Accident has cast them amid certain surroundings, but they have always a
nostalgia for a home they know not. They are Strangers in their
birthplace. Sometimes a man hits upon a place to which he feels he
mysteriously belongs. Here is the home he sought, and he will settle
among scenes that he has never seen before, among men he has never
known, as though they were familiar to him from his birth. Here at last
he finds rest.”
– W. Somerset Maugham THE MOON AND SIXPENCE
17 September 1982 – Truchas, New Mexico – The first snow on Truchas Peaks.  We arrived at the horse ranch late afternoon –  the small Hansel and Gretel cottage, an enormous horse barn, a mobile home and a gypsy wagon on 20 acres. At the end of the property was a gate leading to the land grant from the King of Spain. .  This place was called Llano Quemado – “suburban” Truchas with a population of about seventeen stalwart souls. The snow clouds shifted and swirled with the strong winds. All the moving boxes were piled up in the horse barn. There were two huge sliding doors which opened onto a dirt road and the deep arroyo that separated us from our nearest neighbor.  I sat on a ledge and watched the mountain, knowing that no matter what circumstances brought me here – this place is where I needed to be!
Life is a mystery, isn’t it?  Only when one can look through the long lens of many years can we begin to pick up some of the puzzle pieces and put them where they belong.  I don’t believe in accidents!  Prior to this move, I tried  all the New Age movement had to offer – right down to the Course in Miracles. Magical thinking. Am not dismissing any of it, but nowhere did I get the hint that not drinking might be the answer to my many problems.  Instead I found a new partner who eagerly encouraged my fantasies of leaving Santa Fe and living in a small village in the mountains.  AAers call this  a “geographic” – moving to greener pastures – problems solved.  Tell God your plans… 

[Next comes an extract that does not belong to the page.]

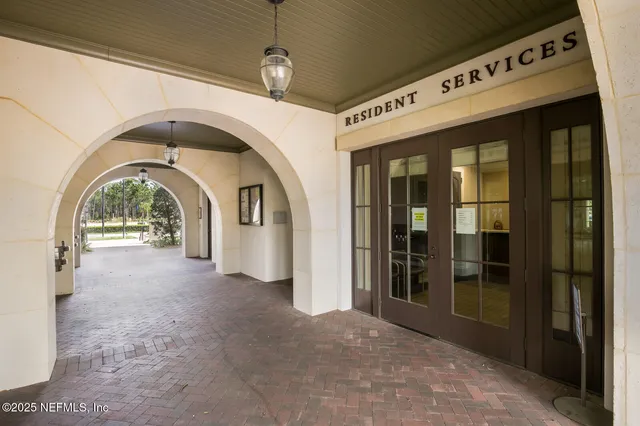 swimming pool view with a sitting space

Once the cartons were unpacked some of my city confusion began to lift.  The ranch was for sale and we agreed to clean it up.  We gathered and burned brush and cut back the scrub oak.  My painting studio was set up in the office of the barn.  Mayordomo Cosme Romero, his wife Carmelita and daughter Susie arrived one afternoon to introduce themselves….the first of many visitors to see the new Truchas paintings.  My Santa Fe gallery wasn’t the least bit enthused – there were no cowboys or Indians!  Was fully expecting them to recognize my genius in this new work. My painting sales were the only income expected to keep this fragile enterprise afloat! Oh, don’t worry, tomorrow is a new day – have another drink and let’s watch the bills pile up!
Adventures major and minor…trips to Santa Fe or Taos for groceries and supplies. We adopted an ancient wild mustang from Los Alamos – his teeth were bad and he was rib cage skinny. Used to roaming free he took great umbrage at being penned. To show his disapproval one morning, he bit Mr. Wonderful in the balls and knocked him to the ground. He didn’t get much attention from the man of the house after that humiliating wounding.   The famous pink mustang died not long afterward – I was alone at the ranch on the morning he went to those big open spaces in the sky.  Did not know what to do with a dead horse!  Called my across the arroyo neighbor and asked him if he had a back hoe to dig a grave. He was too polite to laugh, said he would bring his truck and pull him down the road to the Land Grant – a form of Tibetan “sky burial”.- I loved that old horse!
That winter we were stranded on the ranch over the Christmas holidays – 3 feet of snow and the plows  only came through when the schools reopened. Reading by the little fireplace in the cottage, painting in the barn – a quiet time.   Big mountain lion paw prints in the snow and black bear tracks down by the pond.  This ranch life was definitely an adventure!  Another toast to Good Times!